The Sox are averaging 5.04 runs and allowing 4.94. They have scored five or more runs 32 times and allowed five or more runs 34 times.
But Cora believes improving the defense will improve that ratio.
“We’ve got to be better in certain areas,” he said. “I’ll repeat myself again: Defense has a lot to do with giving up runs. In that aspect we’re going to be better. We’re going to keep improving.
“Everything goes hand in hand. You play good defense [and] you have a good pitching staff. If you don’t play good defense, your pitching staff is going to suffer. That’s the area I’m pushing.”
Then it pushed back once the game started. The Sox took a 2-1 lead before committing three errors in the fourth inning that led to two earned runs and eventually a 5-2 loss, the seventh in 10 games.
This is who the Red Sox are, a team with little margin for error that commits too many errors.
“We kept talking about it but we’ve got to get better,” Cora said after the game.
In the short term, getting shortstop Yu Chang off the injured list next week would help. He was excellent defensively before breaking a bone in his left wrist in late April.
Over the long term, Trevor Story’s return will aid that cause, too. He was a strong defensive shortstop with the Rockies even when he was playing with a sore elbow in 2021.
Adam Duvall, who is likely to be activated from the injured list on Friday, also is a plus defender in the outfield.
Getting Chang and Duvall back will allow Kiké Hernández to play second base more often.
Improved defense would certainly be helpful. But with Chris Sale on the injured list with a shoulder injury and unlikely to return any time soon, the pitching staff is not going to be a strength. There are too many holes to fill and not enough good arms to fill them.
Chaim Bloom’s offseason goal of getting more strike-throwers on the staff has seen mixed results. The Sox have thrown a slightly higher percentage of strikes when compared with the same point of last season but also have a slightly higher walk rate.
Even if the defense improves, the only way the last-place Sox can make this season an interesting one is to hit their way up the standings and get to September close enough to chase a wild-card spot.
It’s a bad way to play, but it’s the only way they have given the pitching staff.
Duvall will need some days off early on after not playing for two months because of a broken left wrist, but his presence in the middle of the order will make a good lineup even better.
Story’s return, which could initially come as a designated hitter, also will be a plus. His career offensive numbers were inflated by playing at Coors Field for six years, but Story also should provide a boost.
It’s also reasonable to think first baseman Triston Casas will be more productive assuming his actual production catches up with the quality of his at-bats.

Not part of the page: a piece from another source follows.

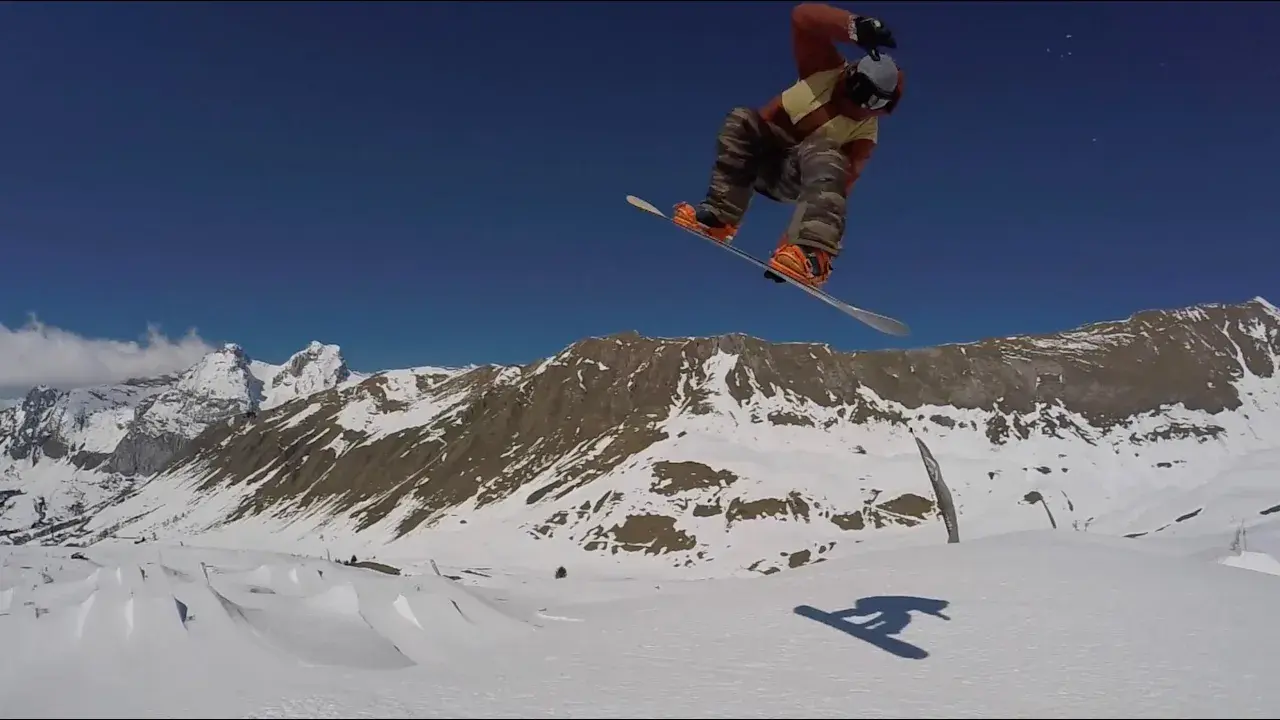 Park Check Le Grand Bornand 26 mars 2019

Adding Duvall and Story to a lineup that already includes Rafael Devers, Justin Turner, Alex Verdugo, and Masataka Yoshida and the Sox should score runs in bunches.
Cora compared it with the 2021 team that won 92 games and advanced to the ALCS. That team didn’t pitch particularly well, either, but it found a way.
This team would do well to finish .500 and that may require scoring 800-plus runs. It’s a hard way to play and nobody is laughing about that.